Cette conviction trouva une résonance particulière le jour où elle parla pour la première fois à une autre chouette effraie. C'était une nuit étoilée particulièrement claire. On entendait le pépiement de nombreux oiseaux. Elle n'avait pas encore appris à deviner de quelles espèces il s'agissait. Son ouïe s'affinerait sûrement. Alors paisiblement installée sur une branche de hêtre, une chouette s'approcha d'elle, l'air intéressé.

Aussi naturellement que possible, elles entamèrent le dialogue (et elles se comprenaient !).

  • Tu vis ici depuis longtemps ? Je ne t'avais jamais vue auparavant, lui dit-elle, d'un air curieux.
  • Non, je viens de m'installer. J'aime voyager, je n'ai pas encore trouvé l'endroit idéal pour me fixer, répondit malignement Anaé.
  • Tu devrais aller jeter un coup d'oeil sur l'île de Tristan. Il y a quelques chouettes effraie très sympathiques.
  • Merci, je ne manquerais pas d'aller visiter cet endroit.
  • C'est le lieu idéal pour nous, les chouettes, personne ne vient nous y déranger.
  • C'est ce que je recherche, la proximité de la mer, et la forêt, non loin de là.
  • Je te laisse, je meurs de faim, je dois chasser. A bientôt, peut-être.
  • Oui, certainement. Au revoir.

Et d'un battement d'aile, cet oiseau majestueux s'envola dans la nuit avec un cri perçant.
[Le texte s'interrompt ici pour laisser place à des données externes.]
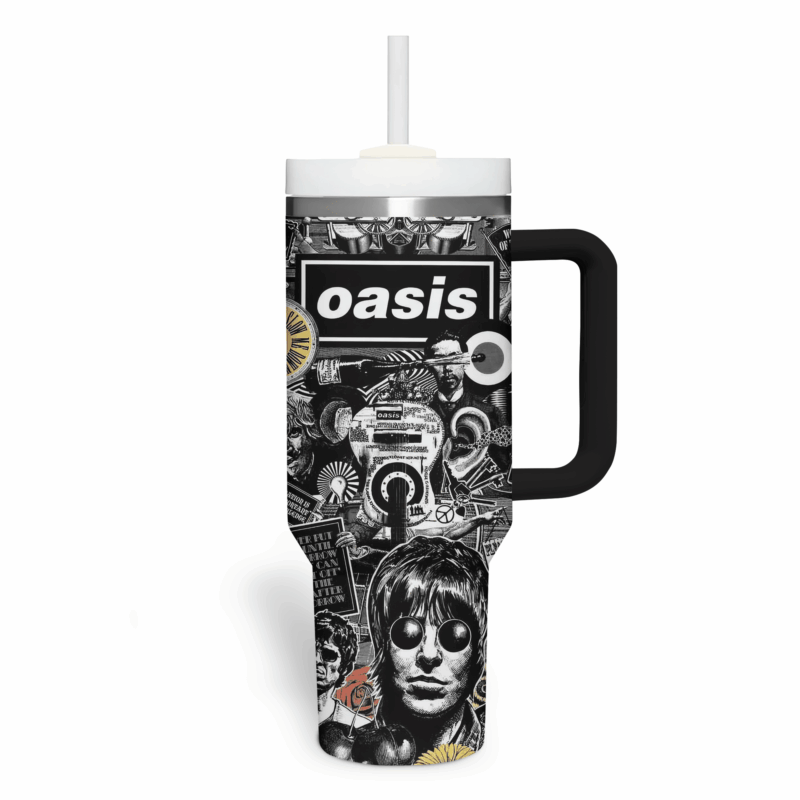 Oasis Music Custom Stanley Quencher 40oz Stainless Steel Tumbler With Handle - Threewoofs - Image 3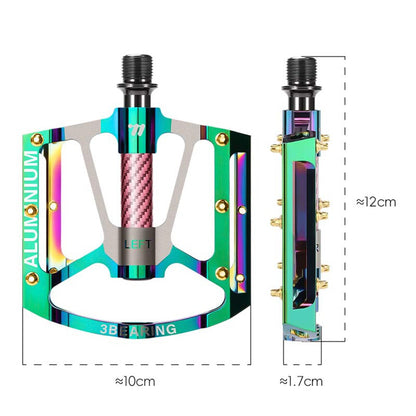 WEST BIKING 1 Pair Mountain Road Bike Aluminum Alloy Pedals Triple Bearing Electroplated Cycling Pedal
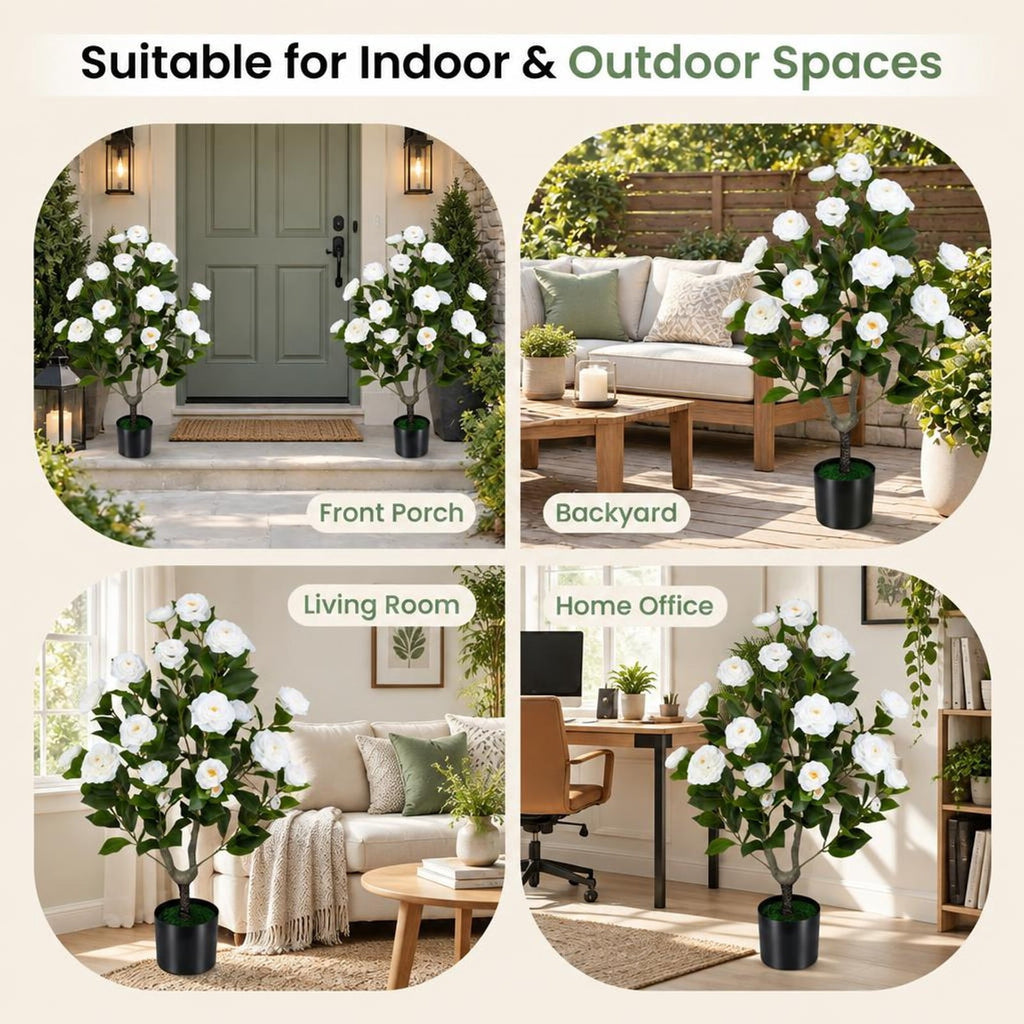 Airfind 2-Pack Artificial Camellia Tree Faux Flower Plant in Cement-Filled Pot, White, offers excellent stability and balance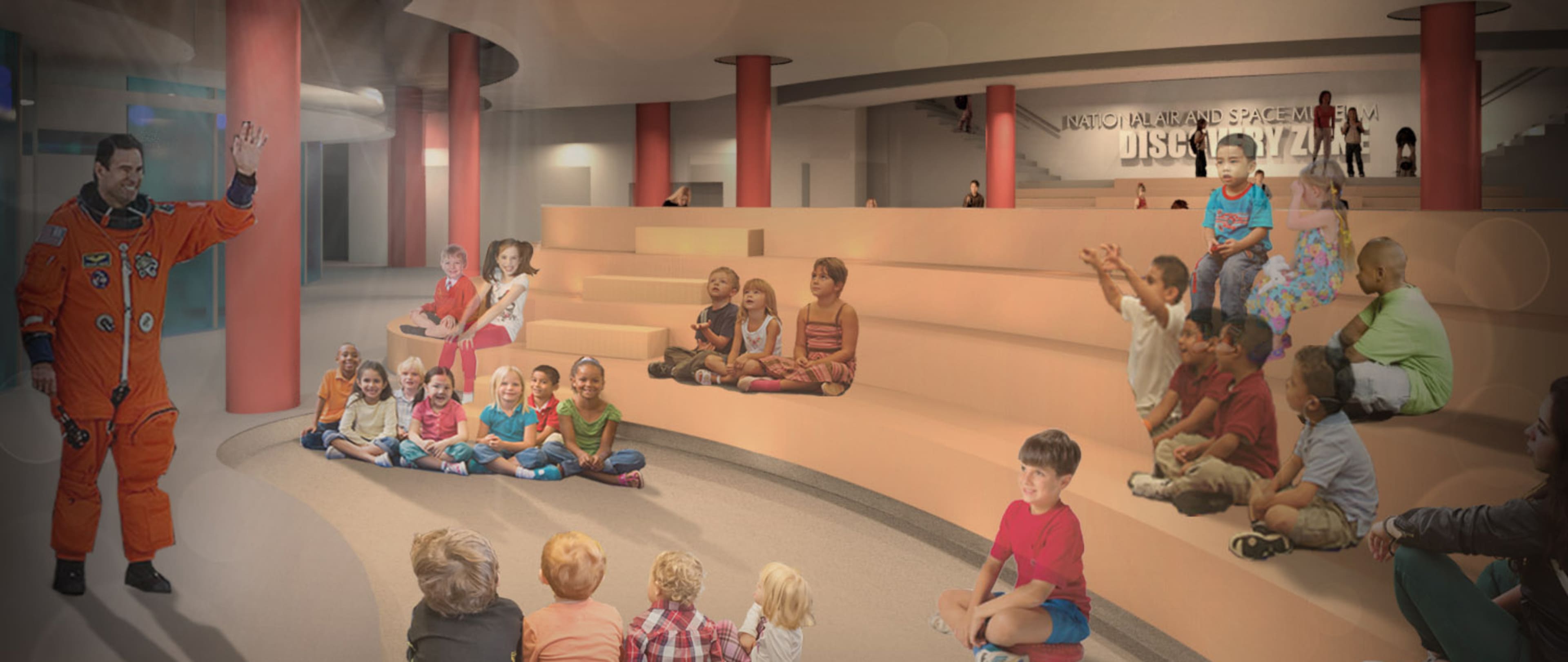 A rendering showing an astronaut greeting a group of children.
Anaé était heureuse d'avoir fait la connaissance d'une de ses semblables. Deviendront-elles amies ?

Seul l'avenir le dira, et elle sentait qu'il allait être riche en découvertes.

Le jour commençait à se lever. Elle rejoignit son clan, où ne régnait aucun bruit. Une fois encore, elle avait vaqué à ses activités nocturnes sans que personne ne s'en aperçût. Elle esquissa un sourire. Cette vie lui convenait bien.